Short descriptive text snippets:
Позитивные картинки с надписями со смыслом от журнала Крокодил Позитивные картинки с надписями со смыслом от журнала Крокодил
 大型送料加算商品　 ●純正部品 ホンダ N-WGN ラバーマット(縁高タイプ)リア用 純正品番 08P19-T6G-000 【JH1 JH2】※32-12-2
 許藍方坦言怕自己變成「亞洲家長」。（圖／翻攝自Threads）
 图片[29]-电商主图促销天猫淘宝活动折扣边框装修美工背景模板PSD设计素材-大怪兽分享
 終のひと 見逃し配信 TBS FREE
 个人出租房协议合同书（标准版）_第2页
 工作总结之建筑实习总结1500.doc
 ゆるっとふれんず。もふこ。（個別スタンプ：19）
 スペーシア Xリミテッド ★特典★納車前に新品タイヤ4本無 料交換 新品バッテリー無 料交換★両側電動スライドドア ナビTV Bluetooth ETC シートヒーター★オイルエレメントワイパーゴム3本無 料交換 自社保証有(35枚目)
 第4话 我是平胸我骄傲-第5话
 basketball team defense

Task brief: Only the lines from the one that contains "終のひと 見逃し配信 TBS FREE" to the end of the data should be output, exactly as they appear.

Solved exercise:
 終のひと 見逃し配信 TBS FREE
 个人出租房协议合同书（标准版）_第2页
 工作总结之建筑实习总结1500.doc
 ゆるっとふれんず。もふこ。（個別スタンプ：19）
 スペーシア Xリミテッド ★特典★納車前に新品タイヤ4本無 料交換 新品バッテリー無 料交換★両側電動スライドドア ナビTV Bluetooth ETC シートヒーター★オイルエレメントワイパーゴム3本無 料交換 自社保証有(35枚目)
 第4话 我是平胸我骄傲-第5话
 basketball team defense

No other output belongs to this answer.